Friday, April 30, 2010

Mezcla de Sentimientos - Mixed Feelings

Two weeks from today, my program ends and we all go our separate ways. I am at the point where I can confidently say, I’m gonna make it. I never imagined that homesickness could persist so completely for such a long period of time. More than homesickness, it is peoplesickness – I am homesick for the people that I love. At the same time, it will be hard leaving Sevilla. After dancing around each other cautiously for so long, I feel like we are finally getting to know each other. I am content sitting for hours by the rio or in a café, a contentment that I never feel when I try to go read or write at Borders or something. When men call me “guapa,” I am learning to take it as a compliment, one that I will miss, because flattery is never quite so blatant and appreciative in the US. The smiles on the street that I have been giving since the beginning of the semester but never seen reciprocated seem to be returned more and more these days.
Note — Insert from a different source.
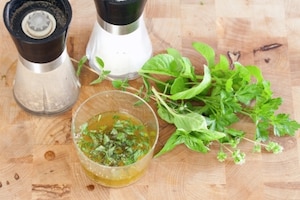 Preparazione Insalata di melanzane alla menta - Fase 3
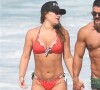 Priscila fantin desfila o corpão e virilha sarada ao ladodo marido, Bruno Lopes, em praia carioca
I have learned to appreciate a good drink, a cold tinto or cerveza (even if it’s cruzcampo) or a café cortado and have learned the value of making it last and enoying it. I love the mornings here, before the heat of the day sets in, and am making new efforts at getting myself up and out to enjoy them. Not much luck yet, but hopefully I can make it a new habit.
With two weeks to go, a sense of urgency is setting in. The comments have started: this may be the last time I’ll go here, see this, eat this. The tourist spots that we haven’t yet seen are becoming a priority in our schedules over class and homework. We are silently starting to accumulate the gifts and souvenirs for loved ones that we had the whole semester to buy, but of course did not. Exotic trips that we planned at the beginning of the semester, which we felt like would never actually happen, have come and gone. It is hard to take things one day at a time when the knowledge that there are so few creates a sort of pressure. But I have been feeling this pressure all semester, and I have learned that I have to actively suppress it if I am going to be able to enjoy myself at all, rather than haphazardly try to get a complete taste of Sevilla. It is this sense of pressure that makes me think most I could have benefited from spending a year here. If I had my way, I wouldn’t have even booked a return flight until probably a week or so ago. I believe that having the date “May 15” in my head all semester has tainted it a little, and it’s a shame. Four months is a long time, but it is just enough time to do all that needs to be done. The knowledge that any wasted second is a waste of a one-time opportunity has made me immensely self-critical every time I take a night off, have a conversation in English rather than Spanish. But it is that mentality that had me run-down and frustrated within a month of starting my program, so I am now actively working to shut it up.